Preference of debt over equity as a measure to finance businesses:
Debt and equity are the instruments through which a company is generally financed or capitalized. The manner in which a company is capitalized has a major impact on the amount of taxable profit as the tax laws of countries generally provide for a deduction in respect of interest paid or payable while arriving at the taxable profit. However, the dividend paid on equity contribution is not deductible. Therefore, the higher the level of debt in a company, and thus, the amount of interest it pays, the lower will be its taxable income. Due to this reason, debt is considered a more tax efficient method of finance than equity. Multinational groups are often able to structure their financing arrangements to maximize tax benefits.
Tax Rules to prevent shifting of profits through excessive interest payments:
In order to address this issue, tax rules are in place in each country to fix a ceiling limit on the amount of interest deductible in computing a company’s profit for tax purposes.

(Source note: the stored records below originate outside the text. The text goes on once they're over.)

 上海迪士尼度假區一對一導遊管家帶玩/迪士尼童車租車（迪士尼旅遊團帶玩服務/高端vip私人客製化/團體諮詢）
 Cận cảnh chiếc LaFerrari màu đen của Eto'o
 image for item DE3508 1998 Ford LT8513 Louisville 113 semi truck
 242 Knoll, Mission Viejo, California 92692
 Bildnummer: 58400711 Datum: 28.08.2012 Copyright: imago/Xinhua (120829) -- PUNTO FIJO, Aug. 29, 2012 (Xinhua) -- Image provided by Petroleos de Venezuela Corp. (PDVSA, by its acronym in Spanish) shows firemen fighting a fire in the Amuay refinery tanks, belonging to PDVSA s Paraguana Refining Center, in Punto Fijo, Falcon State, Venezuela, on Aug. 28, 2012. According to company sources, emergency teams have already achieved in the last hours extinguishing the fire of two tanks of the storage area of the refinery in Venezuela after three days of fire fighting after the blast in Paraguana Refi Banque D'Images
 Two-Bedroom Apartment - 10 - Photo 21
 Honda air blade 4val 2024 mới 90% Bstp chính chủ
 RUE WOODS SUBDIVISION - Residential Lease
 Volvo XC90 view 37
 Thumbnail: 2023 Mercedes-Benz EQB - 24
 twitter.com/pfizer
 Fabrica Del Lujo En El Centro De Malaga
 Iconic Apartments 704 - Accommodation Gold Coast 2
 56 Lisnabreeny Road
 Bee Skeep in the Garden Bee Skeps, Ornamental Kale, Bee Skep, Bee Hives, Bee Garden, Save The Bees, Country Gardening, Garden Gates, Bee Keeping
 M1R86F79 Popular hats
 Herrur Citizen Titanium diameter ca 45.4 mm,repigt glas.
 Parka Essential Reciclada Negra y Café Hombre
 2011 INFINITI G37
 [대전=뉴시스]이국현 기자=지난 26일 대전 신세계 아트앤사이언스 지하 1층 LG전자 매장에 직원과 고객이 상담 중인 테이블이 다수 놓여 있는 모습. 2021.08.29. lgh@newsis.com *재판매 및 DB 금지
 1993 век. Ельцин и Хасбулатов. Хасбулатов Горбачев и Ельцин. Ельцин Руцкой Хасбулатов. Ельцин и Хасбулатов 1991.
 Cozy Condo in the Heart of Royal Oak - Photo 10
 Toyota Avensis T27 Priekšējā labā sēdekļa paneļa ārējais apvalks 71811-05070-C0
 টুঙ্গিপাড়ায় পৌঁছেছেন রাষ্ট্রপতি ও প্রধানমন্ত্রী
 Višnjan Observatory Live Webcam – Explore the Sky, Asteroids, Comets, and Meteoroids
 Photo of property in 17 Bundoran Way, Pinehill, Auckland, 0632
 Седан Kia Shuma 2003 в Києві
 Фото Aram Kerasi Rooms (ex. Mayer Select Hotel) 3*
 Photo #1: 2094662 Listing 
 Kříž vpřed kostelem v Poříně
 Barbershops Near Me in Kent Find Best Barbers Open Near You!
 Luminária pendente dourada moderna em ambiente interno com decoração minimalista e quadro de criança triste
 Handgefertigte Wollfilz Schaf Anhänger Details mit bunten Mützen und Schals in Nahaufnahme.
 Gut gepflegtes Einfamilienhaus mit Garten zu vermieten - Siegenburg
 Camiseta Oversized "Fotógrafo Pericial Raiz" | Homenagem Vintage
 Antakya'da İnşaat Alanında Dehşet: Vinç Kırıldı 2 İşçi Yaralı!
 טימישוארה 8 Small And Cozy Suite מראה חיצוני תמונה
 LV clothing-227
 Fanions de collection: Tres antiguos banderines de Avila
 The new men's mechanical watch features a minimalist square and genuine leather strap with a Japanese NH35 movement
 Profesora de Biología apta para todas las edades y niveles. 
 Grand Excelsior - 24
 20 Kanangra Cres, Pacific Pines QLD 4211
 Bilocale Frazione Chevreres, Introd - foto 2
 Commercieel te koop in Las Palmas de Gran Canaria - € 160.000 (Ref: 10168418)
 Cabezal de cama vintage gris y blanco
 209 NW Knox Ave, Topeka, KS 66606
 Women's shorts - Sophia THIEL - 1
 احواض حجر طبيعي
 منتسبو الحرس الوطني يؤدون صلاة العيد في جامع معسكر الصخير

Such rules are designed to counter cross-border shifting of profit through excessive interest payments, with the objective of protecting a country’s tax base.
Relevant Action Plan of BEPS:
Under the initiative of the G-20 countries, the Organization for Economic Co-operation and Development (OECD) in its Base Erosion and Profit Shifting (BEPS) project had taken up the issue of base erosion and profit shifting by way of excess interest deductions by the MNEs in Action Plan 4 and recommended certain measures in its final report.
Insertion of provision in the Income-tax Act, 1961 in line with BEPS Action Plan 4:
Section 94B has, accordingly, been inserted in the Income-tax Act, 1961, in line with the recommendations of OECD BEPS Action Plan 4, to provide that interest expenses claimed by an entity to its associated enterprises shall not be deductible in computation of income under the “Profits and gains of business or profession” to the extent that it arises from excess interest.
Excess interest shall mean an amount of
- total interest paid or payable* in excess of 30% of its earnings before interest, taxes, depreciation and amortization (EBITDA) of the borrower in the previous year or
- interest paid or payable to associated enterprise for that previous year
whichever is less.
*Total interest paid or payable may be interpreted as interest paid or payable to non- resident associated enterprise as per the intent expressed in section 94B(1) and also the Explanatory Memorandum to the Finance Bill, 2017.
Applicability:
The provision shall be applicable to an Indian company, or a permanent establishment of a foreign company in India, being the borrower who incurs expenditure by way of interest or similar nature in respect of any form of debt issued by a non-resident who is an ‘associated enterprise’ of the borrower.
However, the provision of this section would be applicable only where the expenditure by way of interest or of similar nature exceeds 1 crore in respect of any form of debt issued by a non-resident, being an ‘associated enterprise’ of such borrower.
Meaning of debt:
Any loan, financial instrument, finance lease, financial derivative, or any arrangement that gives rise to interest, discounts or other finance charges that are deductible in the computation of income chargeable under the head “Profits and gains of business or profession”.
Provision of guarantee and deposit of matching amount deemed to be debt issued:
Where the debt is issued by a lender which is not associated but an associated enterprise either
- provides an implicit or explicit guarantee to such lender or
- deposits a corresponding and matching amount of funds with the lender, such debt shall be deemed to have been issued by an associated enterprise
Carry forward of excess interest:
The disallowed interest expense can be carried forward up to eight assessment years immediately succeeding the assessment year for which the disallowance was first made and claimed as deduction against the income computed under the head “Profits and gains of business or profession” to the extent of maximum allowable interest expenditure.
Businesses excluded from applicability of the provisions of section 94B:
Taking into consideration the special nature of business of Banks and Insurance business, an Indian company or permanent establishment of a foreign company which is engaged in these businesses have been excluded from the applicability of the provisions of this section.